Der Denkmalschutz brachte für die Architekten in München eine weitere Herausforderung mit sich: Das äußere Erscheinungsbild des Bunkers musste erhalten werden, deshalb konnte das Team keine Fenster in den Sockelbereich schneiden. Somit standen sie vor der Herausforderung, die Galerie im Erdgeschoss mit genügend Licht zu versorgen. Raumstation und Euroboden entwickelten ein raffiniertes Konzept für indirekten Lichteinfall: Ausstellungs- und Büroflächen wurden intern miteinander verbunden. Das Licht wird über große Fassadenöffnungen aus angeschrägten Fensterlaibungen im ersten Obergeschoss in die Tiefe geleitet.

Doch wer möchte eigentlich in einem ehemaligen Luftschutzbunker wohnen und warum? Für Höglmaier liegt der Reiz im gekonnten Miteinander von originaler Substanz und moderner Architektursprache. Die Neorenaissance-Elemente der Fassade wurden denkmalgerecht saniert und im Inneren verweist das Treppenhaus auf die Historie des Gebäudes als Luftschutzbunker. Die offenen Untersichte der brettergeschalten Betondecken lassen sprichwörtlich einen Einblick in die Geschichte des Gebäudes zu. Die beinahe raumhohen Fenster geben den Räumen Tiefe und Helligkeit und bieten den Bewohnern in allen vier Himmelsrichtungen einen Blick über München. »Außerdem entsteht bei zwei Metern Wandstärke in den großzügigen Nischen vor den neuen Fenstern eine Art Zwischenraum am Übergang von innen nach außen. Fensterlaibungen oder –bänke, wie es sie in dieser Dimensionierung nirgendwo sonst gibt: eine erweiterte Raumebene in der Wand«, sagt Höglmaier. Bei der Schwärmerei für die einzigartigen Details wird leicht nachvollziehbar, warum er sich während des Umbaus in das Projekt verliebte und auch selbst einzog.

Bunker München Schwabing

Architekt
euroboden, raumstation

BGF
1000qm

Jahr
2013

Bunker punkten mit ihrer Lage

Mielkes Kund:innen kommen aus allen Branchen: Es sind Paare, Familien, auch Senior:innen, die alle das Bedürfnis nach Individualität vereint. »Wir entwickeln Wohnungen, die keine tragenden Wände haben. Dadurch sind die Grundrisse frei verfügbar, wodurch die Räume ganz individuell angelegt werden können«, so Mielke.
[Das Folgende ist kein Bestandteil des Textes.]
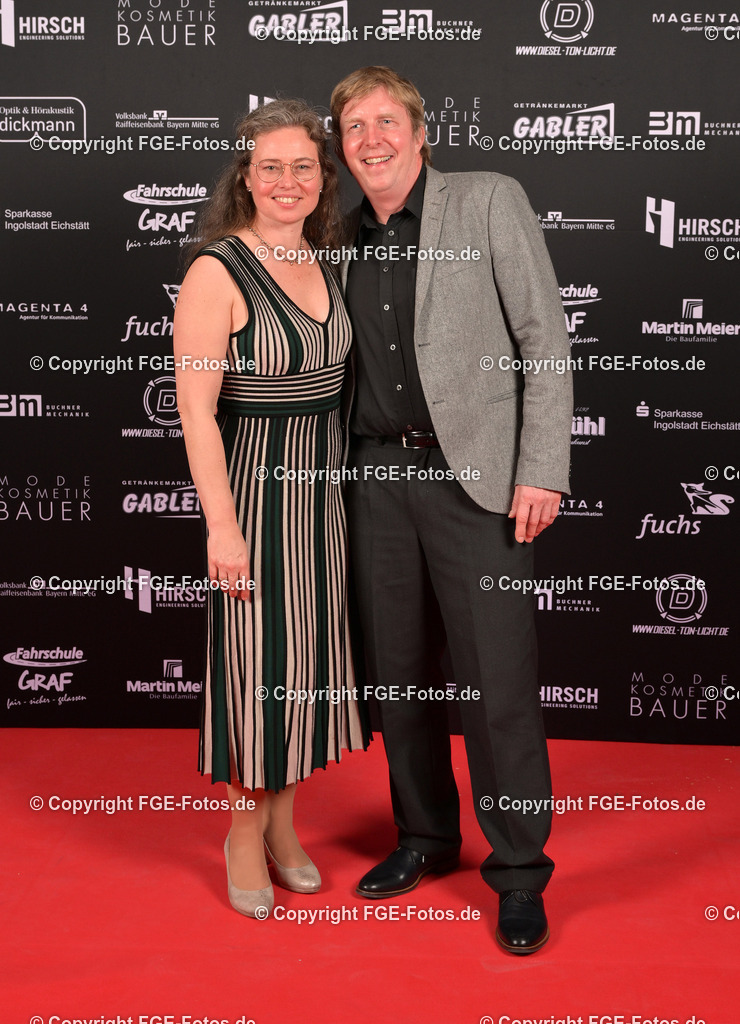 20240113-fge-fotos-0029 | Eröffnungsball der FGE am 13.01.2024 im Alten Stadttheater in Eichstätt. - Realisiert mit Pictrs.com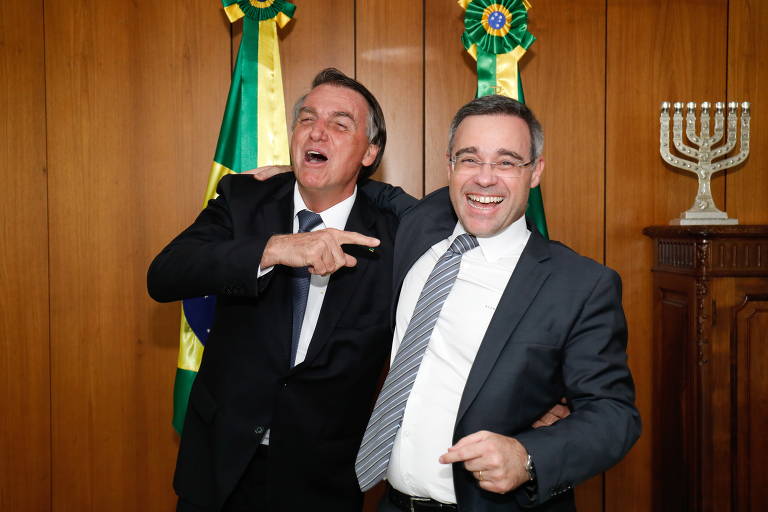 X pede análise individual de posts sobre Nossa Senhora
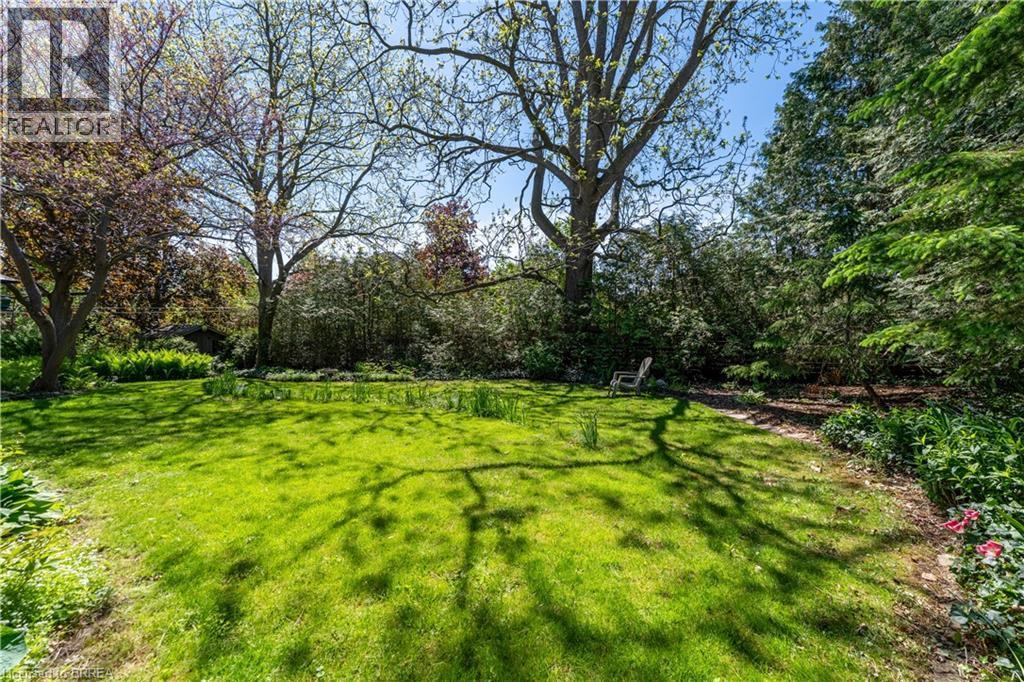 9 Summerhayes Crescent, Brantford, ON - Outdoor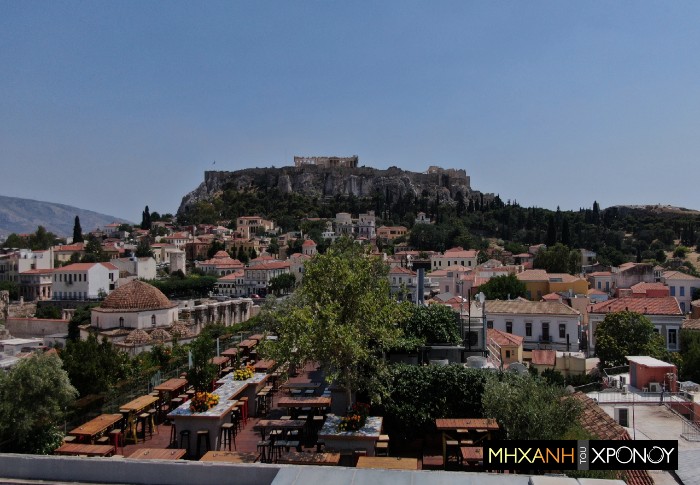 Δείτε από ψηλά τις ταράτσες με θέα την Ακρόπολη που έγιναν στέκια της Αθήνας.  (drone)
Aber noch etwas Anderes sei entscheidend: »Bunker vermitteln Sicherheit und Geborgenheit«. Die Bewohner:innen würden sich hinter meterdicken Wänden einfach wohlfühlen. Wichtig sei aber, dass eine Wohnung in einem Bunker nicht nach einer Wohnung in einem Bunker aussehen darf, so der Architekt. So ein Bunker habe eben ein schlechtes Image. Nicht zuletzt daher werden die Fenster und Innenräume großzügig angelegt.

Auch die Lage spielt für viele Käufer:innen eine Rolle. Die Weltkriegsbunker wurden mitten in die Innenstädte gebaut, das macht sie heute zu Objekten in begehrten Wohngebieten. Und wie sieht es mit dem Umgang mit dem historischen Erbe aus? Mielke betont zwar, dass bei der Umnutzung die besonderen gestalterischen Möglichkeiten vordergründig seien. Aber in zweiter Linie erkennt man auch den geschichtlichen Wert des Gebäudes an. So werden mit dem Sandstrahlgerät die Betonoberflächen so bearbeitet, dass die alten Strukturen sichtbar werden. Manchmal bleibt ein Betonklotz bewusst wie eine Art Mahnmal vor dem neubelebten Bunker zurück: »Wir lassen immer was stehen«.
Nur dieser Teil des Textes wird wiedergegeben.